BEGIN

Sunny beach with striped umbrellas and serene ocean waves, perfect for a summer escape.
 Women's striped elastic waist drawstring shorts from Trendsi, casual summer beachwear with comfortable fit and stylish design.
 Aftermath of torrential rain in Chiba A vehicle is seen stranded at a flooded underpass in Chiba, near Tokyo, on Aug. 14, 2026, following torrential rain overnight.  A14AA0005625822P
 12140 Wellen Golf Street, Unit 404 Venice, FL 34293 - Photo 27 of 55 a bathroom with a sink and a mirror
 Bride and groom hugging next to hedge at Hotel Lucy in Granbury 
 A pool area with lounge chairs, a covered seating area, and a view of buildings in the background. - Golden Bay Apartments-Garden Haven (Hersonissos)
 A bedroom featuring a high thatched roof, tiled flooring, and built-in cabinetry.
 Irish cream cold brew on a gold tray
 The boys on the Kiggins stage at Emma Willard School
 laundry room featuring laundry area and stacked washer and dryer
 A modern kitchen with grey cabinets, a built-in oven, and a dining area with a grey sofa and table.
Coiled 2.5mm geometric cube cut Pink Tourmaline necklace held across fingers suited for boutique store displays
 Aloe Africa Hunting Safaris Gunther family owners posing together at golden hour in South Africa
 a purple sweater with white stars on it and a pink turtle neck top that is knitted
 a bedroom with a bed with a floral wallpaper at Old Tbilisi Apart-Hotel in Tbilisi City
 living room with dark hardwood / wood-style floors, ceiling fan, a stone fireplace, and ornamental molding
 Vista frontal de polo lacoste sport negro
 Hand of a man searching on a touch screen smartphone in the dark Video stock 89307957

END

What you need to do ::
Within the data above, the span starting at the line containing "Coiled 2.5mm geometric" and ending at the line containing "a purple sweater" is to be retyped exactly, with no other lines.

Written response ::
Coiled 2.5mm geometric cube cut Pink Tourmaline necklace held across fingers suited for boutique store displays
 Aloe Africa Hunting Safaris Gunther family owners posing together at golden hour in South Africa
 a purple sweater with white stars on it and a pink turtle neck top that is knitted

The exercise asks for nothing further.